**Task goal:** Everything in the data below except the pictures must be repeated word for word.

**Recorded information:**
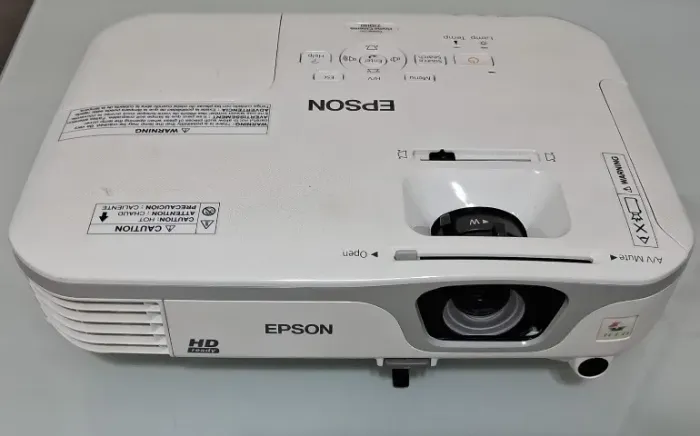 Projetor Epson PowerLite Home Cinema 710HD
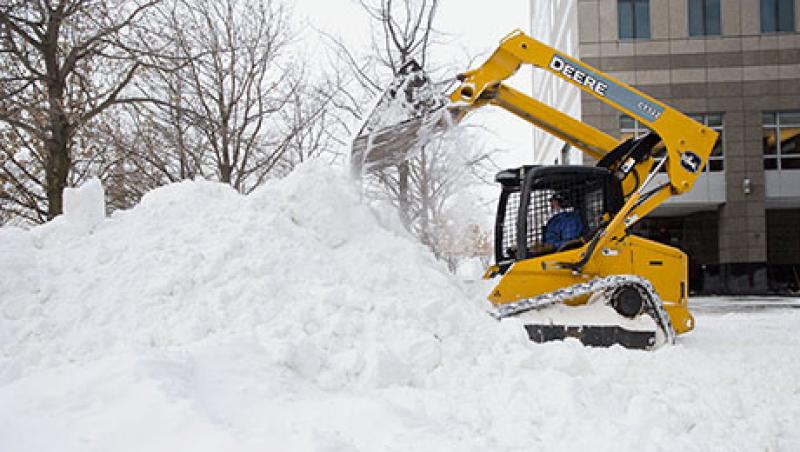 U.S. Northeast Digs Out From Winter Storm as Cold Bite Nears U.S. Northeast Digs Out From Winter Storm as Cold Bite Nears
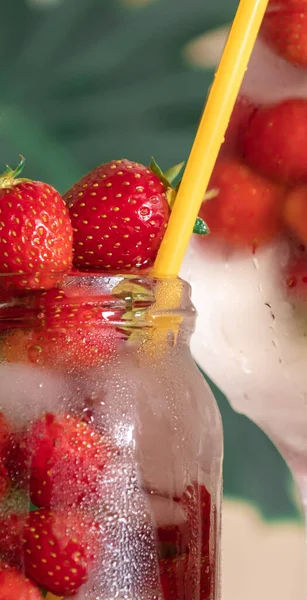 Fresa Bebida Fría Con Hielo Vidrio Sobre Fondo Blanco Con — Foto de Stock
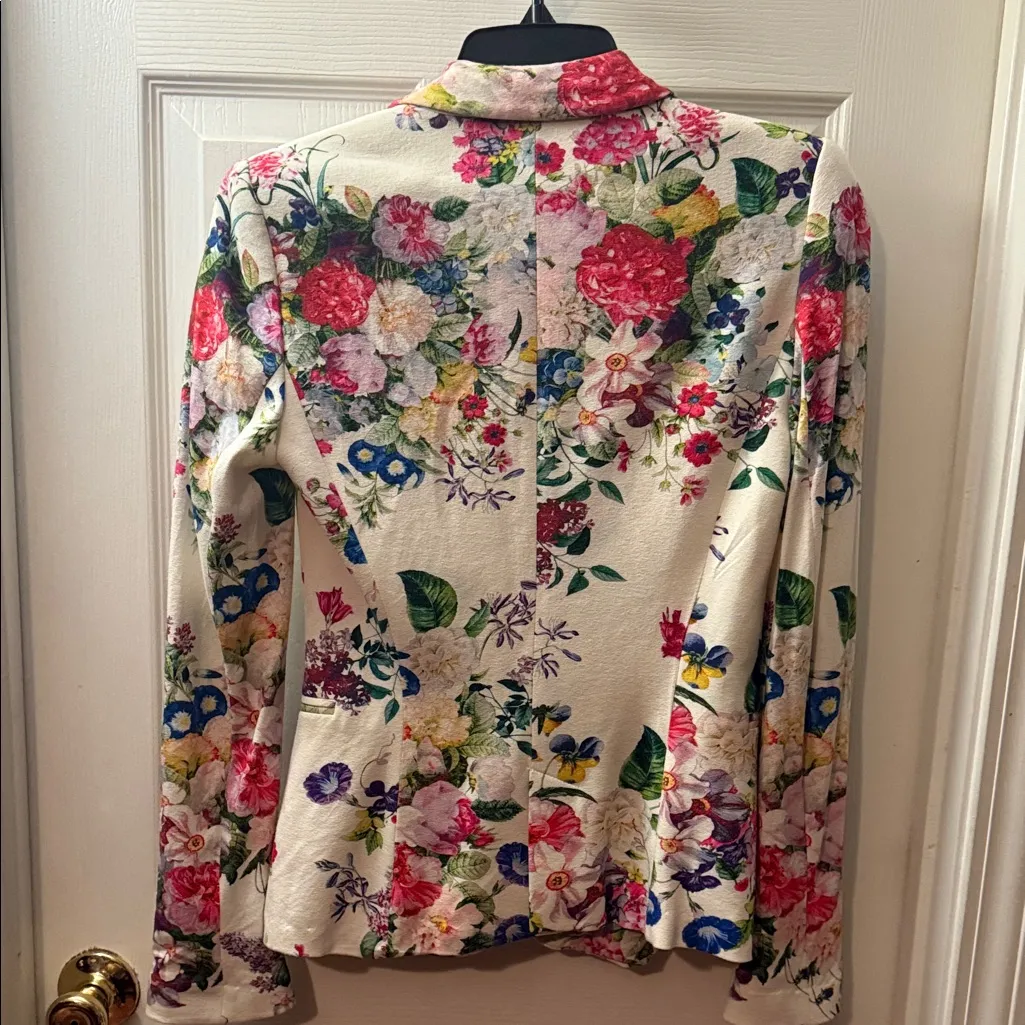 Zara Women's Cream Floral Blazer - Image 3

**Result of the exercise:**
 Projetor Epson PowerLite Home Cinema 710HD
 U.S. Northeast Digs Out From Winter Storm as Cold Bite Nears U.S. Northeast Digs Out From Winter Storm as Cold Bite Nears
 Fresa Bebida Fría Con Hielo Vidrio Sobre Fondo Blanco Con — Foto de Stock
 Zara Women's Cream Floral Blazer - Image 3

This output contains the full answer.